***** PROVIDED DATA
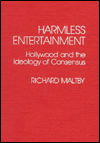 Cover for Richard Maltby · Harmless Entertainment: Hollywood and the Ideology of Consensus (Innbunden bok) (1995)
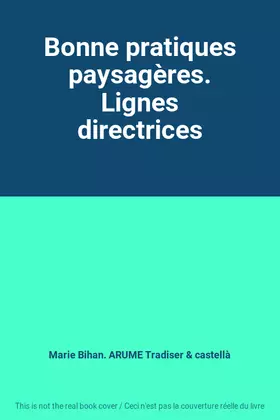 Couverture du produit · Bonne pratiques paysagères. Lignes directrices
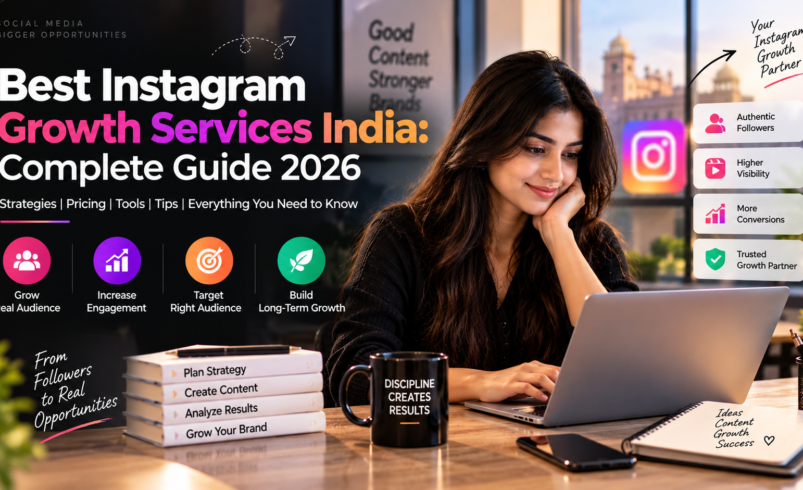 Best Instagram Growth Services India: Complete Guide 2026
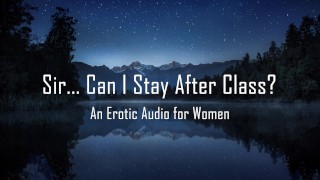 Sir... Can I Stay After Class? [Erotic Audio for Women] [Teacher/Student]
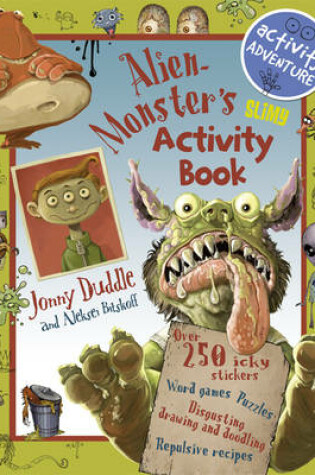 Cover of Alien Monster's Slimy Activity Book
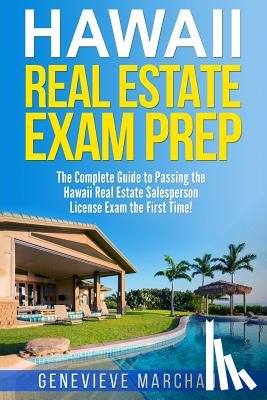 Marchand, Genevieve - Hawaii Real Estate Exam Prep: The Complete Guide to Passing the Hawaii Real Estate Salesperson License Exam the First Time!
**********
**WORK ORDER:**
Make a verbatim copy of all the entries and strip out the pictures.

**FINISHED EXERCISE:**
 Cover for Richard Maltby · Harmless Entertainment: Hollywood and the Ideology of Consensus (Innbunden bok) (1995)
 Couverture du produit · Bonne pratiques paysagères. Lignes directrices
 Best Instagram Growth Services India: Complete Guide 2026
 Sir... Can I Stay After Class? [Erotic Audio for Women] [Teacher/Student]
 Cover of Alien Monster's Slimy Activity Book
 Marchand, Genevieve - Hawaii Real Estate Exam Prep: The Complete Guide to Passing the Hawaii Real Estate Salesperson License Exam the First Time!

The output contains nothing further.